Paginating Requests in APIs (2020)

You should never design an API that uses offsets for pagination unless you're dealing with small amounts of data (<10000 rows). Cursors give you far more flexibility and if you want to be lazy, you can just hide an offset in an opaque cursor blob and upgrade later on.

I don't think I've used offsets in APIs for at least 10 years. Lightly-obfuscated cursor tokens are one of the first things I build in web projects and that's usually less than an hour's work.

If you _really_ need the ability to drop the needle in your dataset with pagination, design your system to use pseudo-pagination where you approximate page-to-record mappings and generate cursors to continue forward or backward from that point.

xdfgh1112 · 4 years ago

Iirc digitalocean API uses offsets. We had to write special code to handle the possibility of the list changing while it was being queried.

giaour · 4 years ago

When I worked for a news site, we moved all listing endpoints from offset to timestamp based pagination because offset based pagination assumes the data being queried will remain stable between requests. This was, of course, very rarely true during business hours.

Duplicates or missed entries in the result set are the most likely outcome of offset-based pagination.

JamesSwift · 4 years ago

Do any of these avoid that scenario? Unless you are paginating on `updated_at ASC` there is an edge case of missing new data on previously requested pages.

gopher_space · 4 years ago

Something always feels off about repopulating lists that people are working on. Like that concept needs an entirely different display method.

xthrowawayxx · 4 years ago

how do you jump to arbitrary pages with cursor pagination?

singron · 4 years ago

You don't, but if your cursor is just a position in some well-defined order, you can sometimes craft a cursor out of a known position. Continuing the book metaphor, instead of skipping to page 100, which has no semantic meaning, you could skip to the beginning of the "M" section of the dictionary, or see the first 10 words after "merchant".

tshaddox · 4 years ago

You generally don’t, unless you want to linearly scan through n pages. If your API is using offset or page numbers and the underlying collection is also having items added or removed, the behavior is undefined or straight up wrong. I think it’s okay to use offsets or page numbers in cases where the collection is static or where it’s acceptable to occasionally skip over an item or see a duplicate item while paginating.

lazide · 4 years ago

Depending on what you mean by ‘page’, you probably want a query? (Show me all results with values between 1 and 10)

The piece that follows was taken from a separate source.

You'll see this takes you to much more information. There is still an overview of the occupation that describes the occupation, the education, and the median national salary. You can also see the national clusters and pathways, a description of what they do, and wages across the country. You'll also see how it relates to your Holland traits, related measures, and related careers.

If you want to jump ahead in the results, that is fundamentally unstable though.

donw · 4 years ago

I see three options if this is a necessary use-case against a shared-changeable dataset:

1. Accept that the results will be unstable as the underlaying set changes. Pagination may either miss or double-include items unpredictably.

2. Store an intermediate result set guaranteed to remain stable for the necessary duration. This will provide stable pagination, at the cost of solving cache-expiry problems.

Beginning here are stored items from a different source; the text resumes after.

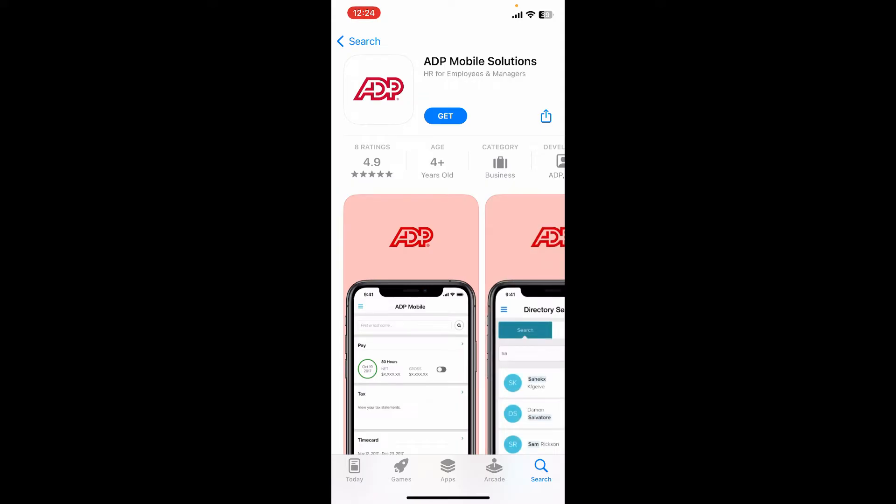Tap on the Get button to begin the downloading process. The ADP Mobile Solutions app provides you with an easy and convenient way to access your payroll, time and attendance, benefits, and other vital HR information.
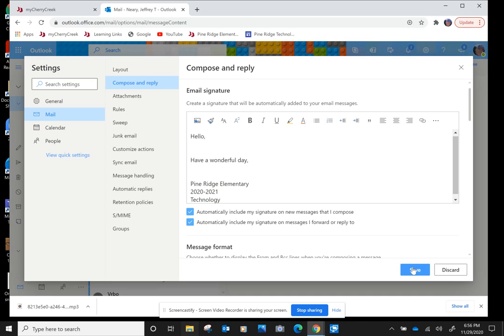Once you do that, it will save your signature page. Thanks for watching, and we'll see you soon.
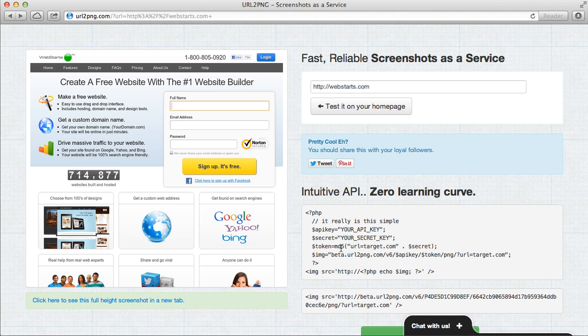So anyway, don't forget to visit webstarts.com to see more helpful videos like this and of course to build your very own free website.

3. Use or build a version-controlled data store. I don't know of anything in common use, but there is likely something available. This is similar to #2, but moves the work from the application into the data-storage layer. You then paginate against a set version of the data. Imagine something similar to Immutable, but with expiry for unreachable nodes.

Unsure what #3 looks like at scale.

rhacker · 4 years ago

Or... Search not page. which is typically way more useful in reality.

MAGZine · 4 years ago

I consider offset-based paged pagination to be a mark of the novice.

mcphage · 4 years ago

Or the mark of someone who asked the users what they wanted.

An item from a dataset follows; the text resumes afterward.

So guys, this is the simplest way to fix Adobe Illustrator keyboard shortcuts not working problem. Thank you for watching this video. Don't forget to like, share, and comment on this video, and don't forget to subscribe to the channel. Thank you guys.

steve_adams_86 · 4 years ago

edit: I just saw another comment of yours, so I see this was meant more contextually than I realized.

Can you explain why offsets would never be a suitable solution? Is there a clear explanation as to why?

I understand how cursors are superior in some cases. But what if you have a site which paginates static data? Offsets would allow you to cache the results easily, overcoming any performance concerns (which would be irrelevant if the dataset was small anyway), providing a better user experience (and developer experience due to simpler implementation details) overall.

I can see that it would be a novice move if you’ve got staggering amounts of records that take a while to query. But that’s actually pretty rare in my experience.

Wish this article would have gone into details about how cursor based pagination is actually implemented. Like they did for the other options by showing SQL. Is this something the database engine has to provide support for?

gabetax · 4 years ago

Check https://use-the-index-luke.com/no-offset as a better reference.

But in most SQL databases, cursors are something you implement and parse at the application layer, and translate to a WHERE clause on the (hopefully indexed) column you're ordering on. That turns the O(N) "OFFSET" into a O(log(n)) index seek.

lazide · 4 years ago

Many databases have actual cursor implementations which are transactional. That means you’ll get a consistent view at the point in time you created the cursor.

That said, they tend to live only as long as the db connection (with some exceptions), so yeah you need some application work to make it sane.

nafey · 4 years ago

How is a cursor different from key set in that case?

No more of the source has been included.